Univariate analysis, imputation, stepwise selection, and logistic regressions were conducted in R version 3.5.2. Elastic Net and XGBoost were conducted in Python version 3.6.7.
Declarations
Ethics statement
This study was carried out in accordance with the recommendations of the Federal Policy for the Protection of Human Subjects, U.S. Department of Health and Human Services. Since our study gathered information from owners focused solely on their dogs it does not meet the definition of human subjects research and therefore did not require review by an Institutional Review Board.
Consent for publication
Survey respondents agreed to a Terms of Service (TOS) consenting to using pet information for research and publication. Furthermore, all the data in this study has been deidentified.
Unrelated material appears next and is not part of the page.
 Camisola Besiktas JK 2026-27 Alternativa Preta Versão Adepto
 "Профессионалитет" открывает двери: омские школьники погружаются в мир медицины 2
Availability of data and materials
The deidentified datasets generated and/or analyzed during the current study are not publicly available since they are generated for proprietary business and marketing purposes, but are available from the corresponding author upon reasonable request.
Competing interests
LP, JS, JT, DM, RH, and AJ received compensation from NomNomNow, Inc. during the collection and publication of the data herein.
Funding
The design of the study and collection, analysis, and interpretation of data and writing the manuscript was funded by NomNomNow, Inc. through the employment of the authors. No additional funding was required.
Authors’ contributions
LP conceived the scope of the work, analyzed and interpreted the data, drafted the manuscript, and created figures and tables. JS designed the survey questions and reviewed the findings and manuscript. JT interpreted the data and critically reviewed the manuscript. DM implemented the owner-reported assessment questions. RH conceived the scope of the work, designed the survey questions, and reviewed the findings and the manuscript. AJ conceived the scope of the work, interpreted the data, and reviewed the findings and the manuscript.
Acknowledgements
The authors would like to thank the NomNomNow, Inc. Scientific Advisory Board for their thoughtful consideration and helpful discussion regarding data analysis and interpretation. We are grateful to our survey participants for providing us with the data on their dogs.